I agree. The SVX is high maintenance and breaks more than it should because it has design flaws that are up to us to redesign or to simply live with.

My 1989 toyota 4runner weighs the same as my SVX. It has 221,000 miles on it. All of the wheel bearings are original. The front ones were last packed about 80,000 miles ago. The rotors are original and not warped. The only thing the SVX has that my truck doesn't is an extra 80 horsepower. I can't say the trans is original becuase I swapped an even older tranny in place of mine to get a lower first gear.

Maybe my truck doesn't work as hard as my SVX and that is why it lasts longer?

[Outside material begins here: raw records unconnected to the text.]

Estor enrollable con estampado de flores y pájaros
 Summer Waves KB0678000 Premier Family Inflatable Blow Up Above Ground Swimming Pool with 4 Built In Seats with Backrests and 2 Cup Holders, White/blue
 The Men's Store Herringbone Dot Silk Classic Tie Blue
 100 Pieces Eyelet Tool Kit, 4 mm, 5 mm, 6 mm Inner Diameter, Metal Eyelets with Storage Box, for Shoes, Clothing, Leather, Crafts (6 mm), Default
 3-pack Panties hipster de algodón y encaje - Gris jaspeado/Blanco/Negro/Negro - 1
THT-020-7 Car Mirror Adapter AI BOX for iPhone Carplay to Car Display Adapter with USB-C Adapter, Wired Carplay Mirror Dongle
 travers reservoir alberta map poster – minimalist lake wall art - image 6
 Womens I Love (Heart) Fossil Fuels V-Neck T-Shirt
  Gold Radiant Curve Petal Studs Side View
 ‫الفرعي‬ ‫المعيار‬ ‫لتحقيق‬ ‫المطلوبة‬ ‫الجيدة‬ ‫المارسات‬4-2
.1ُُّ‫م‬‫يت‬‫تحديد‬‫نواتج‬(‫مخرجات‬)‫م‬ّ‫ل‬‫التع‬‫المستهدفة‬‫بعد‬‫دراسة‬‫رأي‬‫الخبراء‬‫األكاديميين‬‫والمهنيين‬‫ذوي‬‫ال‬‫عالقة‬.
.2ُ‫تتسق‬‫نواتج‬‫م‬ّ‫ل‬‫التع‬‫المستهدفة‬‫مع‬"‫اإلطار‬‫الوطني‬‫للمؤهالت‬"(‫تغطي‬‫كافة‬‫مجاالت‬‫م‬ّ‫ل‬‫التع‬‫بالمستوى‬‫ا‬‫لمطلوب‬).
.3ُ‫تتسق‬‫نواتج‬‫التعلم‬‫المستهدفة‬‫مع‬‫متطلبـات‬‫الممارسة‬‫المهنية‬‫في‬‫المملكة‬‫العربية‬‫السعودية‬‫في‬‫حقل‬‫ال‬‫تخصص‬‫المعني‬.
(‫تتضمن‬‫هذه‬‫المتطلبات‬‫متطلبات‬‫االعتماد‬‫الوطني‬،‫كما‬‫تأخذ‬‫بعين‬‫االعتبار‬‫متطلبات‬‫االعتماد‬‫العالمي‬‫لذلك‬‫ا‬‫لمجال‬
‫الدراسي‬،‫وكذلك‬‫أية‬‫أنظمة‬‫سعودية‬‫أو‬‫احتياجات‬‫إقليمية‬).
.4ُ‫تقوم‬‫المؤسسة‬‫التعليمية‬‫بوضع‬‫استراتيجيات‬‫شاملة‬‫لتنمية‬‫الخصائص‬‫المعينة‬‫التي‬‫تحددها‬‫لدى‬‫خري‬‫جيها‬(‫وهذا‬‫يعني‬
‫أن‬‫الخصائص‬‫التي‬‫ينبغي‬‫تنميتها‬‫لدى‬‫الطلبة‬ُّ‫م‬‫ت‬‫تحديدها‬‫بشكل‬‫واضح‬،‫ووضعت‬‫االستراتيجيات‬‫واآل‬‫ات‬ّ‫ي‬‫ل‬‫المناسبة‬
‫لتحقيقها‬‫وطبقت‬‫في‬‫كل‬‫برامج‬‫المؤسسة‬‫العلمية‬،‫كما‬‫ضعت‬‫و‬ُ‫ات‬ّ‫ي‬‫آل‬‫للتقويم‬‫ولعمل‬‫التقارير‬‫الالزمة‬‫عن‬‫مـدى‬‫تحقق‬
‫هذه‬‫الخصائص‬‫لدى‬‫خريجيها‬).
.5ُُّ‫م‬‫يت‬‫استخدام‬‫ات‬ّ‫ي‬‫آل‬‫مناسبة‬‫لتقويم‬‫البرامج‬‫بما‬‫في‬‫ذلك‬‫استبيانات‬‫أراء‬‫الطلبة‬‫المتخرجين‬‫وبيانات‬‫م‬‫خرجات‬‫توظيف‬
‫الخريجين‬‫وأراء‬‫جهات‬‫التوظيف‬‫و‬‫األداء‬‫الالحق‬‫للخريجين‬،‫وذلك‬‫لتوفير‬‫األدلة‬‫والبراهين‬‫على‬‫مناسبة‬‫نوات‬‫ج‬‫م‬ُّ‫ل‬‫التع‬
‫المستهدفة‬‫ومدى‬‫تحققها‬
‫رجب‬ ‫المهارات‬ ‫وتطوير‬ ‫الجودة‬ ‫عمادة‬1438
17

I flat towed a Jeep CJ7 over 500 miles with the 4runner. Try slowing 2 cars down pouring down I-70 in Colorado with the SVX brakes! I haven't put brake shoes/pads on the ol' truck in 80,000 miles. My truck gets 4wheeled in the rocks. There are some pretty serious torque situations when you have a 240:1 first gear ratio. Shoot, I still have the original U-joints on the thing. Abused? You bet. In fact my gas tank has 2 gallons worth of dents in it from rocks. With only 150HP and 35 inch tall big fat mud tires I run floored on the highway for hours at a time. Whimper? nope. but you'll only get up to 96MPH (downhill!). I get 17 MPG and it'll run on the cheapest fuel you can find from here to panama. I've never changed the O2 sensor. It has the original catalytic convertor too. She still passes roller smog tests no sweat. I even have the original ALTERNATOR on it!? Keep in mind the back-to-back 100 foot winch pulls that flatten the battery even WITH the truck running heating up that ol' alternator. Now that is a load.

My truck's known "weak spot" is the head gasket. Mine have (v6) 221,000 miles on 'em. Yeah, pretty shoddy, you only get 250,000 miles on a set. The joke is that toyota starters are only good for 1,000,000 starts.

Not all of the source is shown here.